Mimi Munro
Mimi Munro was born (1952) in Daytona Beach, Florida, raised in Ormond, and began surfing at age 10. She started surfing by watching some friends, "When I was 10 years old they had a surfboard that was really big, so big it took a couple guys to carry it to the water. They said, "Hey, Mimi! Come try this," and that was that," "The board was so big you couldn't help but stand on it." Later Mimi would take her older brother's surfboard," She would get home from school before he would and sneak out back. She had to give it up when he came home yelling at her.
It wasn't long before this little dynamo had caught the attention of some of the big guys. "At my first contest, I still had no surfboard so I borrowed one. Then, I was given one by Daytona Beach Surf Shop after I won the Florida State Surfing Championships.

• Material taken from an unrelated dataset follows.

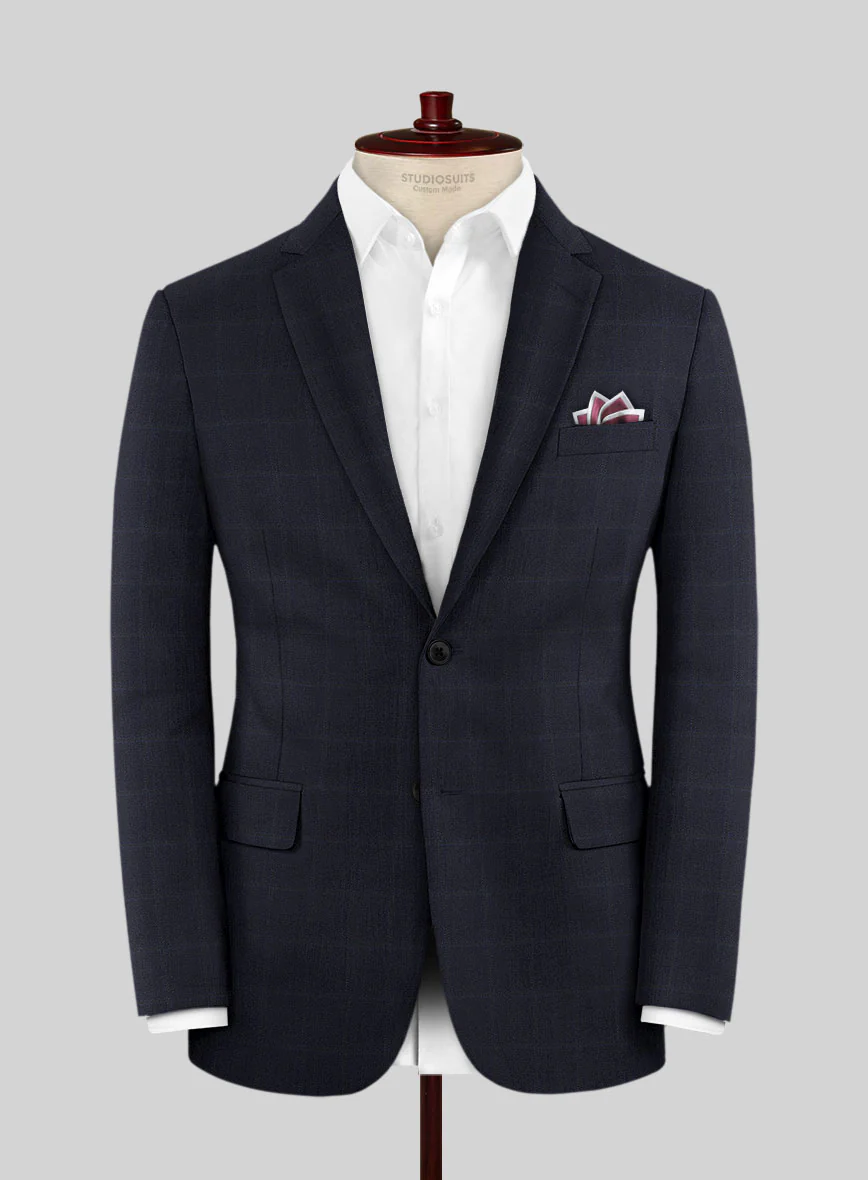 Lanificio Zegna Electa Corta Blue Checks Wool Suit - Image 3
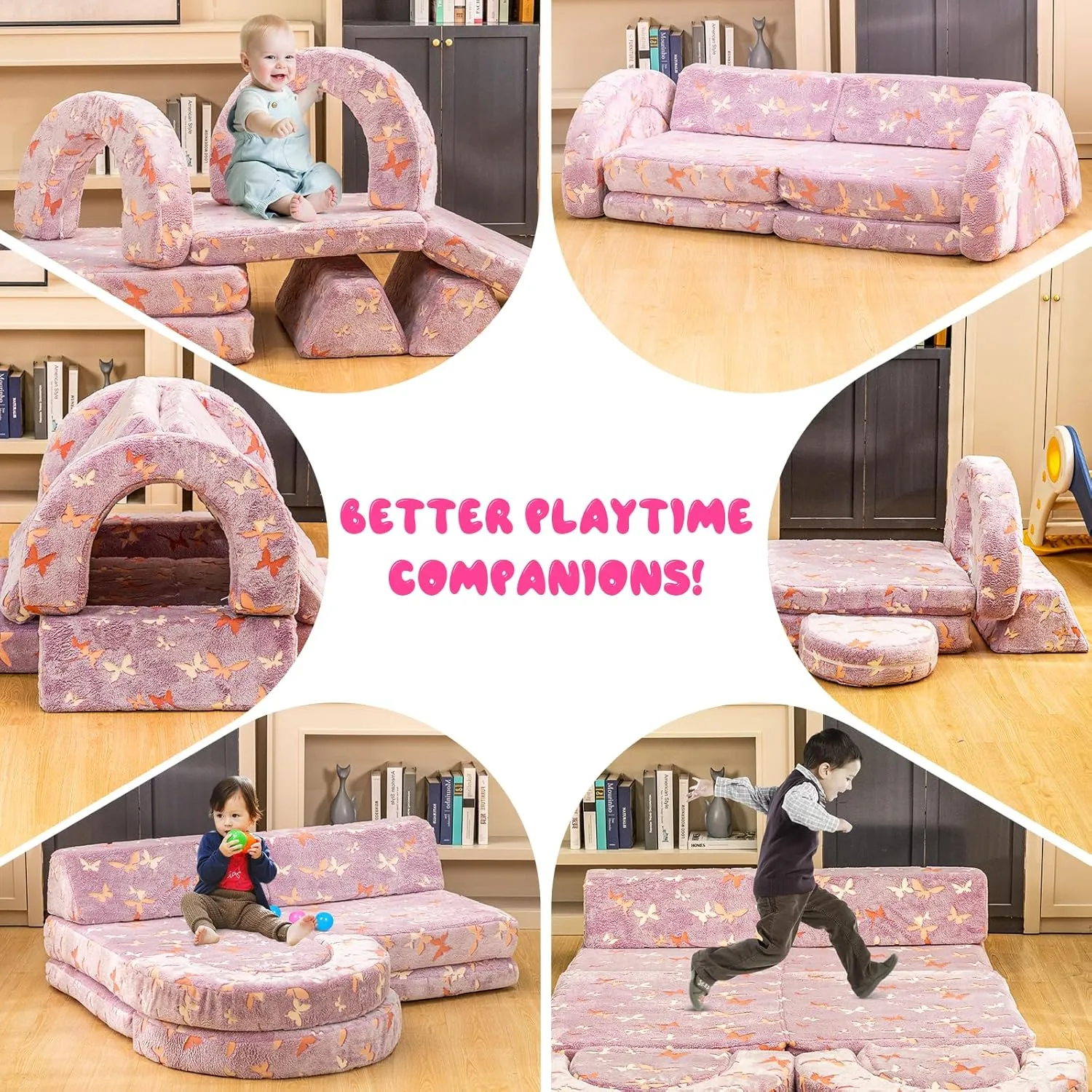 Play Fort, Instant Rebound 28D Foam Toddler Sofa for stream amalgamation conspiracy souvenir unwilling Playroom, Bedroom Furniture, Purple and Butterfly 10Pcs Modular Kids Play Couch Glow, Convertible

From there, Mimi surfed a lot of small local contests in Daytona, Ormond, and Flagler and went to the East Coast Surfing Championships where she met Dick Catri and was asked to join his team. She was 13 at the time. Two years later Mimi became Florida's state champion, and in 1965 and 1966 she won the East Coast Surfing Championships. By 1965 she was the best female noserider in the world.
Mimi; "At 13-years-old, I was a shy kid and didn't talk easily with people I didn't know or even people I did know. Other kids wouldn't approach us because of our "status" as surfers in the limelight and that was tough, even back home at school, I just wanted to be one of the kids. Even the kids I knew back home put up some barriers, but part of it was really just me being shy."
Surfing with Catri in what would become the Hobie Surf Team, she traveled up the East Coast during her summer breaks and would end up at the Virginia Beach East Coast Surfing Championships. That led to a slot in the 1966 World Contest.
As one of the first East Coast surfers to compete internationally, 14-year-old Munro took home third place from the 1966 World Surfing Championship.
Mimi quit surfing in 1968 at 16, in part because she'd been teased in school for being a tomboy. at 20 she married, at 33 she had four children, and at 40 she "began to dream about surfing" and started riding a longboard. In 2001, at age 49, Mimi returned, she won the women's pro division of the Cocoa Beach Easter Surfing Festival.
Munro was inducted into the East Coast Surf Legends Hall of Fame in 1996.
Mimi's Return
I had had dreams about surfing when the kids were older than toddlers and I would be thinking about surfing and wake up or wanting to check the waves and couldn't get to the beach and I'd wake up before I could get over the dunes or before I could get to the water. Then, one night I did get to water. So, I decided it was time to go back.
Getting my surfing back, really took like 20 minutes. So from there, I called Dick Catri up and said I needed a surfboard and he said 'Where have you been?'"
The best part was a feeling of coming home again.
"There were some other surfers from California who I had known as a kid and they had come out for the contest and even though all that time had passed, it was like it all disappeared, like they saved my place in the line up. The gap just closed up. I was really surprised that people even remembered me."
Now a grandmother, Munro is still inspiring women and children to the surf. She does the summer camps and just added one for women last year.
Mimi Munro was named the 2007 Woman of the Year by the Surf Walk of Fame organization in Huntington Beach.